Yesterday at my women’s bible study that I have the privilege of leading, we were discussing the very familiar scripture passage Mathew 5:13-16 where Jesus calls us the salt and light of the world.
We talked about the two and how we as believers are to influence the world around us. When Jesus calls us the salt of the earth, he also warns us that if the salt loses its saltiness, it is fit only to be trampled upon.
How can salt lose its saltiness?
Salt does not lose its chemical properties as such. But when you put a teaspoon of salt in a large jug of water, it is barely detectable. If we allow ourselves to be so diluted by the things of this world, our effectiveness as the salt of the earth is undetectable and our testimony falls short.
Take the time to think and reflect on whether we are in any way diluting our witness and testimony by imbibing worldly behaviours that would NOT reflect Christ likeness.
- Salt is meant to preserve – we are to preserve the moral standards of this society. Preserve against the decay that infiltrates from ungodly and evil ways.
- Salt causes one to thirst – eating salty food makes one thirsty, one of the reasons they always serve salted nuts at a bar is not because they just like us so much but it is more a strategy to make the customer buy more drinks. We are to create that thirst for Christ by how we live and what we say.
Salt adds flavour – we are here to be the seasoning that brings out the God-flavours of this earth. If we lose our saltiness how will people taste godliness.
Everyone is uniquely made by our creator, designed to be used for the people and circumstances we are in. Let us reflect and ensure to bring out the God-flavours to those around us and create a thirst for God in them.
How is salt harvested– one of the methods is by evaporation. The solution is boiled and what is left behind is the salt sediment.

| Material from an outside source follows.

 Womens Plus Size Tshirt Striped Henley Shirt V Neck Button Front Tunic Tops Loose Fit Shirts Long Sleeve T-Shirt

When we go through difficult times, these trials can feel like the process of boiling and will reveal to us how much we are infused with the flavour of God or how much we are lacking. None of us relish going through a trial but a fiery trial can help us boil away that which we allowed ourselves to be diluted with and recapture and intensify that ‘salt’ in our life.
Salt if left in the container does not bring out its usefulness, it has to be sprinkled when required. The same way, we are to make ourselves available to be used where and when God wants us to.
As we discussed at bible study about not losing our saltiness by allowing things of this world to dilute us, one of the ladies at my group shared a quote that was new to me and was a very apt analogy to this topic.
“Be a thermostat and not a thermometer.”
This might be familiar to you, but it was the first time I heard it. Let’s just dig a little into this.
Simply put, a thermometer reflects the temperature of its surroundings while a thermostat affects the temperature of its surroundings. A thermometer although valuable does not have the capacity to change the conditions of its surroundings. A thermostat has the power to implement change and it does not fluctuate.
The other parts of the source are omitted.